Twinstick shooters are a dime a dozen, and standing out from the crowd can be tough when seemingly everyone looks towards Geometry Wars when considering what to first develop with XNA. Unplugged caught my attention due to the unique theme -- finally no more crude ships in space! -- and the above warning that the game can cause motion sickness. I myself am extremely susceptible to motion illness, and sure enough the warning is justified. Unplugged takes place in a constantly swirling and draining sink, and there is a layer of foreground graphics representing the swirling water which can be nauseating to watch. Thankfully, the game includes a handy option to disable it, noting that the player can press the Y button at any time to remove the motion sickness inducing presentation.
Removing the visual effect left me with an empty sink albeit one always swirling objects around its drain.
Unplugged is a game in which up to four local players must man a drain stopper to defend the drain from getting clogged with food and other items. These targets enter the sink from the edges and quickly swirl toward the drain. Even the players' stoppers and their shots get swept up by the vortex, and I thought it was neat how my shots were always at the mercy of the flow of the water down the drain. The swirl of the water never remains constant, however, and players are expected to constantly readjust the positioning of their "ships" along with the trajectory of their bullet streams. Despite how seemingly inconvenient it would be to fire in one direction and quickly find the bullets getting swept away in the opposite direction, I found it to be a fun and interesting dynamic, and at no point did this make clearing out the game's targets a problem.
After a few low level targets are dispatched, the game throws a boss fight into the kitchen sink. During the demo I was able to fight against a block of cheese, a couple of bars of soap, and what I suspect was meant to be either a moldy T-bone or a lumpy scouring pad. dropping bombs whereever it went. Neither the waves of enemies nor the bosses proved to be any real challenge, but the bosses still made for a nice break in the waves of debris. One break in the action wasn't even a boss fight as the screen became lined with spikes, and the challenge was more to control the stopper against the changing currents from getting swept out into the hazards on the edge for some span of time. While Unplugged may be low on challenge, the game appears to have enough variety and twists of its own to stand out from the crowd.

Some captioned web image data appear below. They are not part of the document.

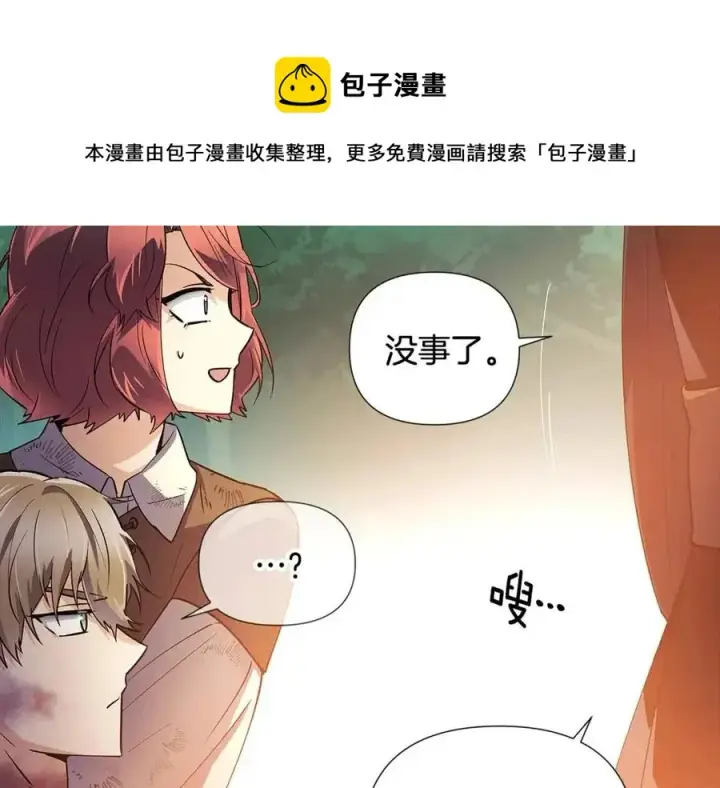 漫画《被反派识破了身份》第66话 闯关第61张图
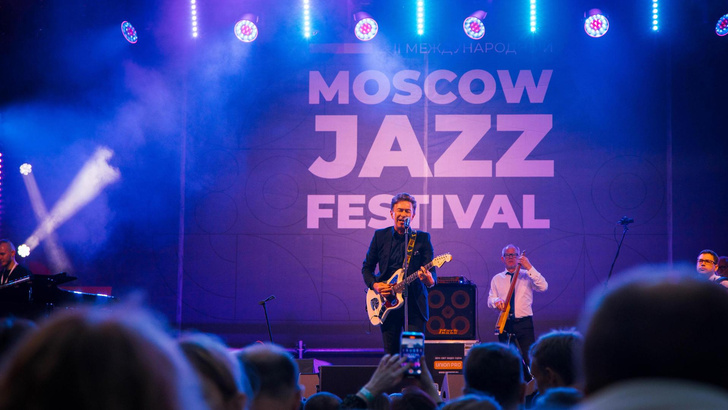 Moscow Jazz Festival 2024 объявил имена участников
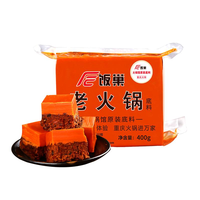饭巢 老火锅底料 400g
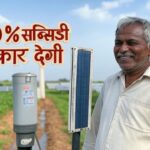 Kisan Samridhi Yojana 2025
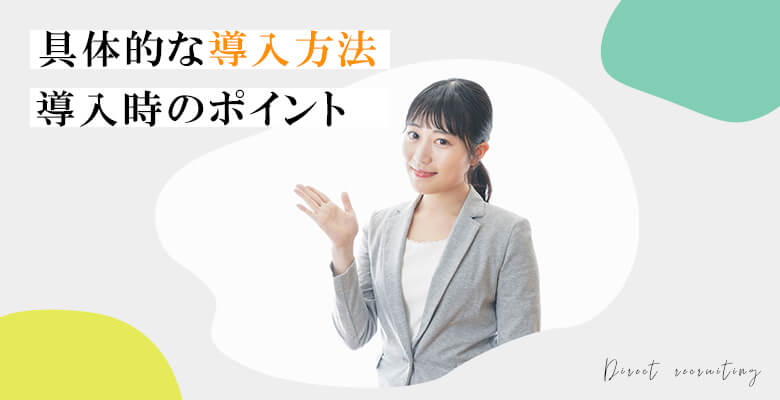 具体的な導入方法・導入時のポイント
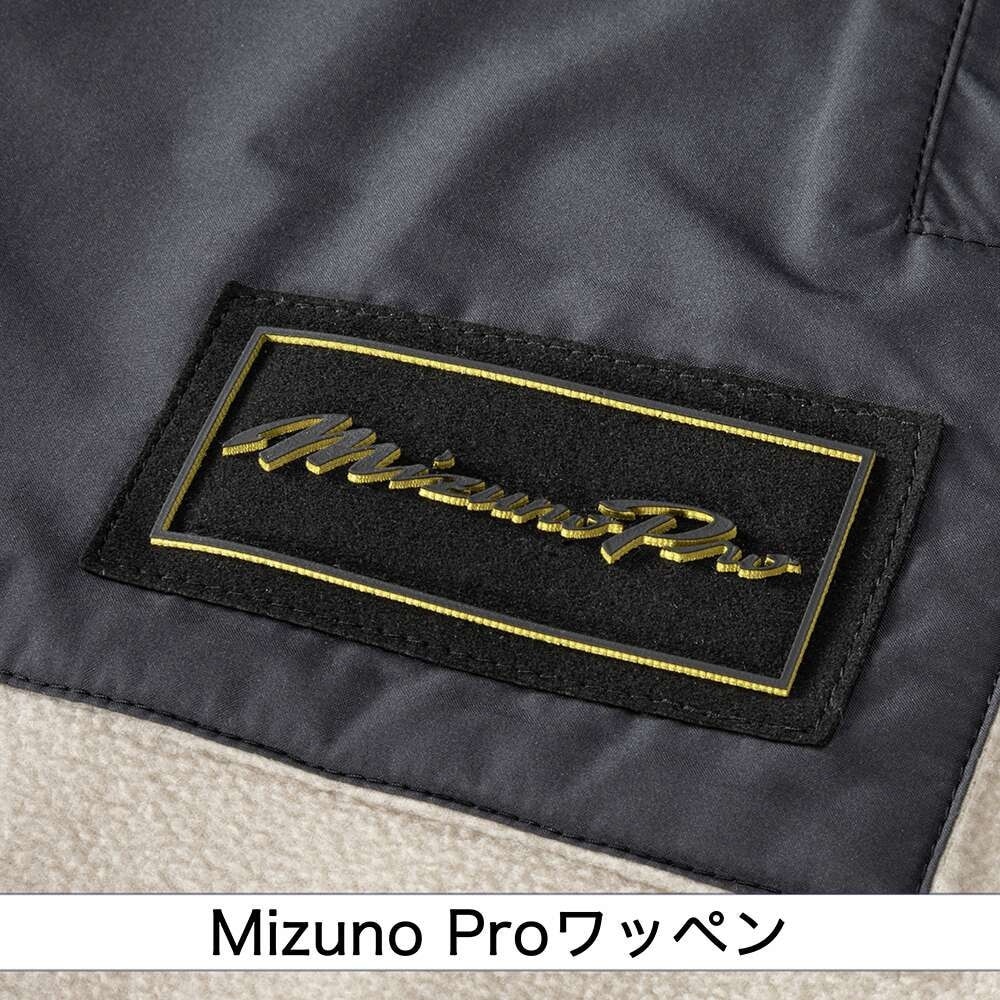 ミズノ（MIZUNO）（メンズ、レディース）野球ウェア ミズノプロ プルーフフリースジャケット Mizuno Pro 12JEBK7239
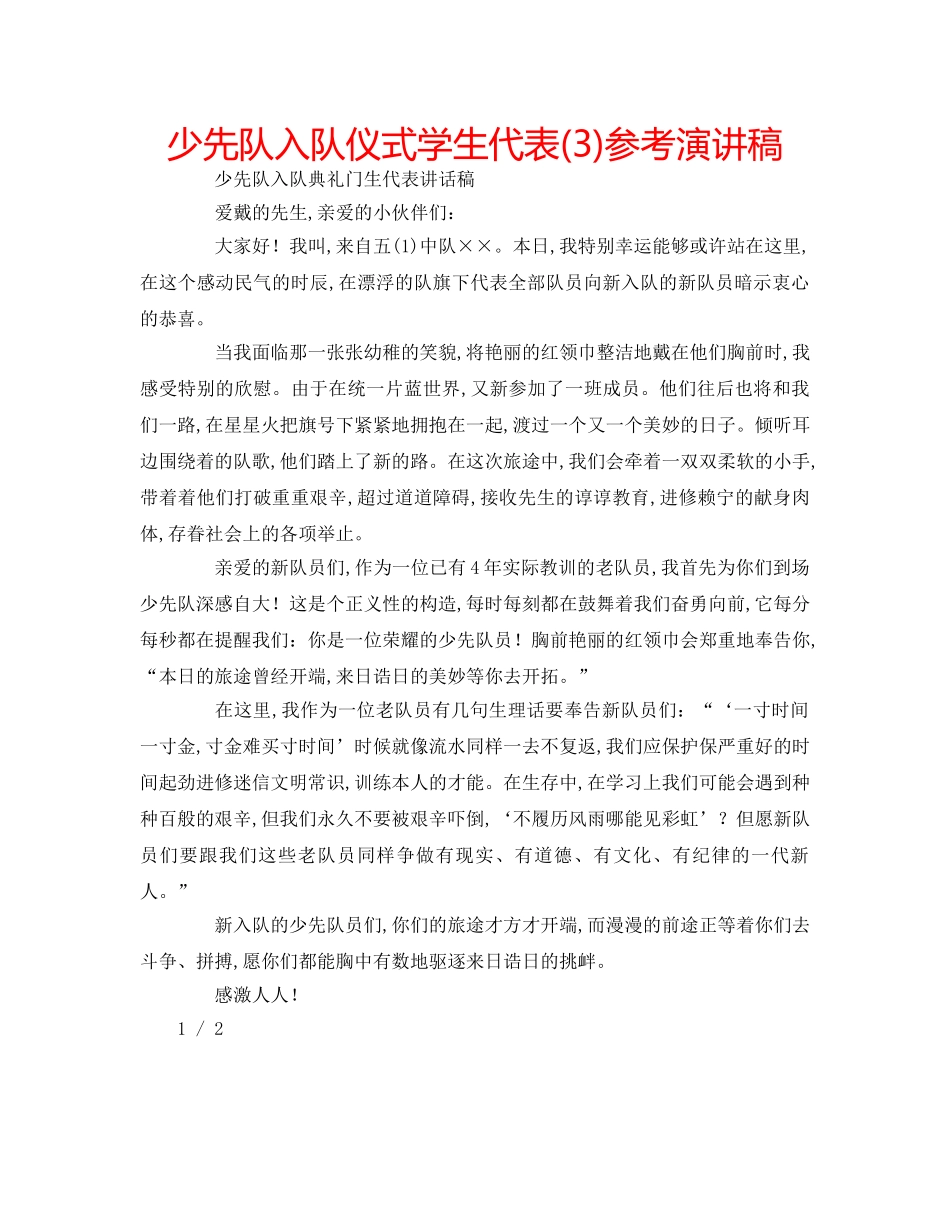 少先队入队仪式学生代表(3)参考演讲稿 _第1页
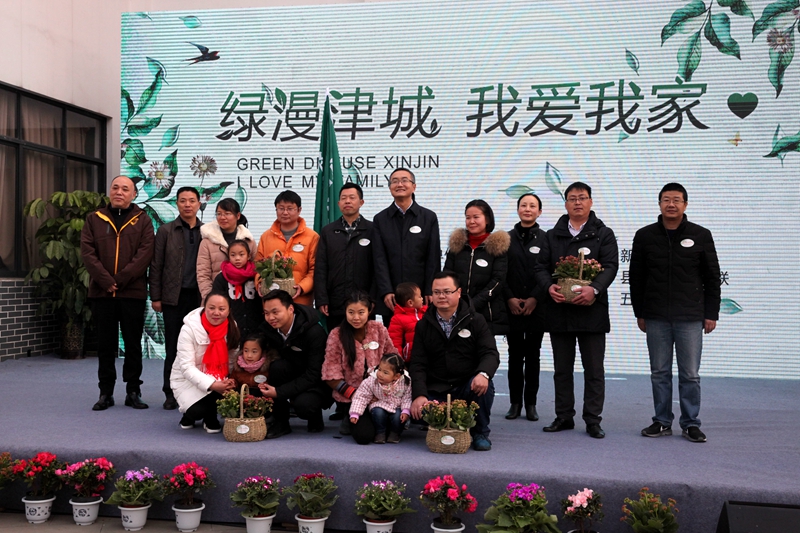 “绿漫津城我爱我家”全民携手共建美丽新津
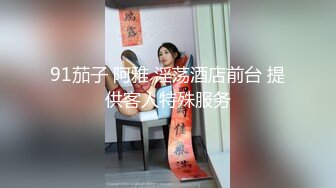 【国产AV首发??豪乳女神】麻豆传媒正统新作MD-0258《爆裂黑丝痴女下属》丝袜调情爆操 强制骑乘抽插 高清720P原版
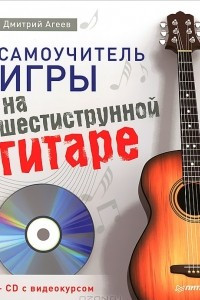 Книга Самоучитель игры на шестиструнной гитаре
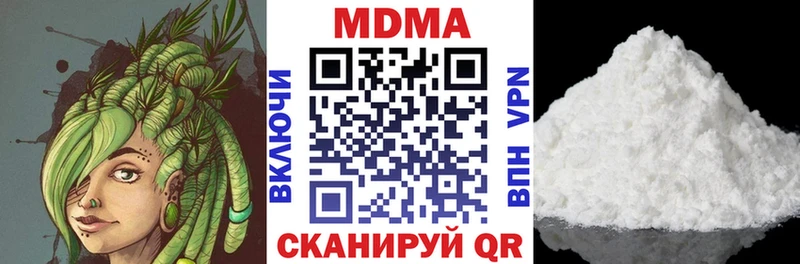 MDMA молли  Минусинск 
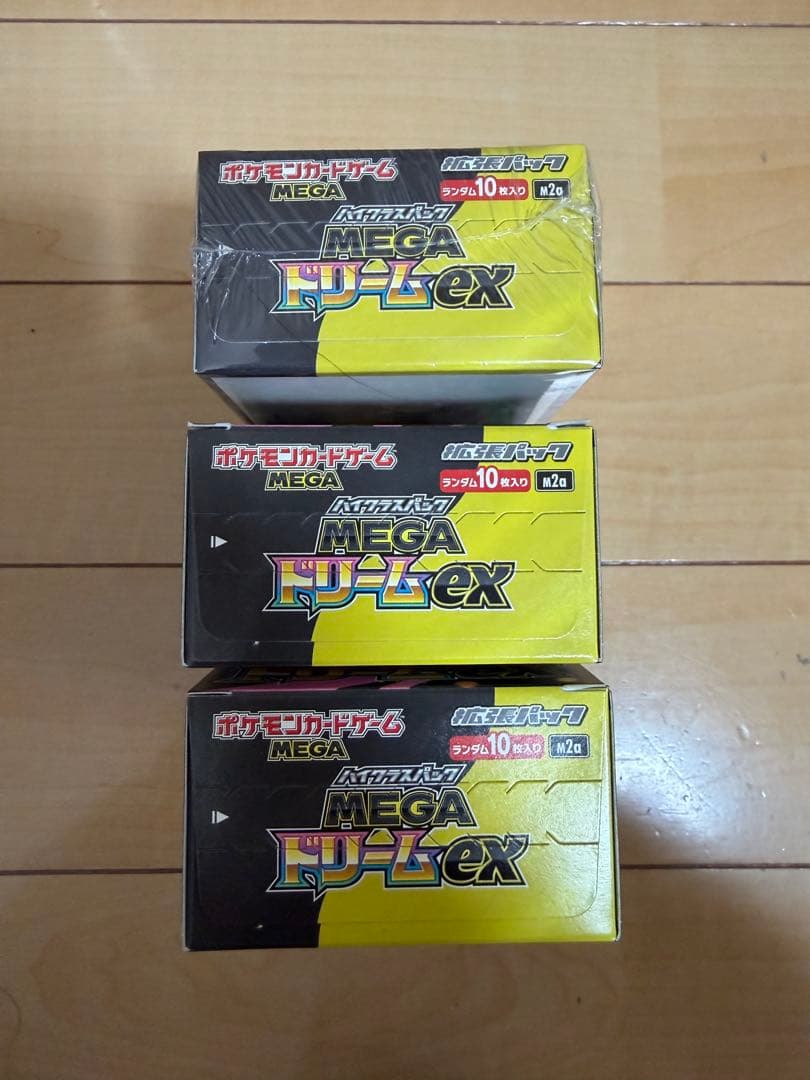 ポケモンカード メガドリームex シュリンクあり 1box なし2box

The graphics do enough to service the theme of the game but will not impress anyone on a technical level. The
stoppers and debris could definitely be better animated, and the swirling water looks more like a muddy, spinning texture than actual water. One nice touch I found was how shot targets stain the sink with a matching colored splatter. This alters the look of the sink over the course of the game, and I liked how the soap bars would remove the leftover rainbow grime as they passed over the level. The bomb explosions have a similar, smaller affect as well, and it's nice to see a twinstick shooter not confined to the standard void of space all game long. I do enjoy watching how the bullets react to the water flow and find their changing curvature to be the most impressive visual element in Unplugged by far. The variety of targets is nice, but they along with the player-controlled stoppers could easily be done in a Flash game.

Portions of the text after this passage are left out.